IvanK
New Contributor III

Hello,

I saw this post earlier this year as I was stuck something similar. I have recently managed to train XGBoost models with approximately 120 features and up to 1 200 000 000 rows using GPUs (took around 7min, with 50 boosting rounds, using 6 H100 GPUs). 

I have been in contact with Databricks and I was told that Ray is the way to go, so I have been using that together with GPUs. Even though I have so far "only" worked with a maximum of 1 200 000 000 rows of data, I would assume that the approach for billions and tens billions of data points would be the same.

I also create an issue in xgboosts github repo [1], where I asked about training XGBoost on large datasets, and I got some valuable information there. It also contains the code I used for hyper parameter search, but it can probably be made more efficient for larger datasets by using Ray data sharding instead of the materialization.

Here is what I have learned that could potentially be of help:

GPUs can be used with XGBoost.

Ray's documentation for XGBoost is a good starting point [2]. Key take aways for large datasets:

  1. Do not use Pandas dataframe
  2. Do not materialize the Ray dataset
  3. Create a train function that runs xgboost.train as they say here [3]
  4. In this training function, use ray.train.get_dataset_shard function
    1. To my understanding this makes sure each worker gets a piece of the the data, reducing the required RAM memory for each GPU
  5. Use several workers, to distribute the data between them (1 worker per GPU)

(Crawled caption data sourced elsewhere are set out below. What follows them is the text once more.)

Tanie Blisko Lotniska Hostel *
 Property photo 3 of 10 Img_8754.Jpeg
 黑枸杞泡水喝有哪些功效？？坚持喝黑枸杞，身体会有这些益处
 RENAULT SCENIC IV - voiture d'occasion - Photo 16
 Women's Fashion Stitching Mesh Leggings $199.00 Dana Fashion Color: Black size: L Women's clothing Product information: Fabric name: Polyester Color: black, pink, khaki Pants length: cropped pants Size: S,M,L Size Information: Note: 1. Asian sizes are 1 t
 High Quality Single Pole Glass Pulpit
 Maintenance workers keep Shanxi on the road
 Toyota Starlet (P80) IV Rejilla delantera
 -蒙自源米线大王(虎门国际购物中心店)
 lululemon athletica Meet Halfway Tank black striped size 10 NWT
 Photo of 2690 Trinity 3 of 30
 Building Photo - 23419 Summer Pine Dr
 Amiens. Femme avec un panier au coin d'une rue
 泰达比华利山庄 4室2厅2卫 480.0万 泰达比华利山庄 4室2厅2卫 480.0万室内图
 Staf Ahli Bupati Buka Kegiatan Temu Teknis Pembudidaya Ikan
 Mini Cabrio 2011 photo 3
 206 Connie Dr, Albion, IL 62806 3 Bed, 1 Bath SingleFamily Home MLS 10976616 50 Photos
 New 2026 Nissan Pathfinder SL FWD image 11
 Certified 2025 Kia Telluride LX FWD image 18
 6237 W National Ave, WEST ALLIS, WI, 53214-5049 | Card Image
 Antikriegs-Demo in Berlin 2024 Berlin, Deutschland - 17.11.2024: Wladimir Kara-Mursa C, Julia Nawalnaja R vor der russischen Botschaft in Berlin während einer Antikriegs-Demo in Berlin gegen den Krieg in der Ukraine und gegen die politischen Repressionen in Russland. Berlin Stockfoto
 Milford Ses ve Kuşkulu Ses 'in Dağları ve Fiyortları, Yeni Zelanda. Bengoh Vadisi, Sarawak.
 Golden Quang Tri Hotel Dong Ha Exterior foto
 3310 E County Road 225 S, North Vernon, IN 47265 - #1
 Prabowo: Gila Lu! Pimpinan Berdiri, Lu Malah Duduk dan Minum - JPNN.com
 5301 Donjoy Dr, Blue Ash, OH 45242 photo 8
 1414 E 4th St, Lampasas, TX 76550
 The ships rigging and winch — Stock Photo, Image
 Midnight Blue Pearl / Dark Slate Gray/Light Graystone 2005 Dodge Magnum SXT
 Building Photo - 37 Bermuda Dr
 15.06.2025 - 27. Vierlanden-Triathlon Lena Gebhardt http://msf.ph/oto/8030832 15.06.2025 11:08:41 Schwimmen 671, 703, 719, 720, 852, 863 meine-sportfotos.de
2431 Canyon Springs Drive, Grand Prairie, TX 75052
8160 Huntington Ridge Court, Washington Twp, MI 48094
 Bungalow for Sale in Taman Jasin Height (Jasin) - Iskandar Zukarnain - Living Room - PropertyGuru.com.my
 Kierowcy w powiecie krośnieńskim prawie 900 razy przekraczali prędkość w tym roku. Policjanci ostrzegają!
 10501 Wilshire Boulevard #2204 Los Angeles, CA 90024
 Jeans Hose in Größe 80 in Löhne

XGBoost has something called QuantileDMatrix, which was "primarily designed to reduce the required GPU memory for training on distributed environment" [4]. Use this with a custom iterator, instead of XGBoost DMatrix

 

[1] https://github.com/dmlc/xgboost/issues/11592

[2] https://docs.ray.io/en/latest/train/getting-started-xgboost.html#get-started-with-distributed-traini...

[3] https://docs.ray.io/en/latest/train/getting-started-xgboost.html#set-up-a-training-function 

[4] https://xgboost.readthedocs.io/en/stable/python/examples/quantile_data_iterator.html#demo-for-using-...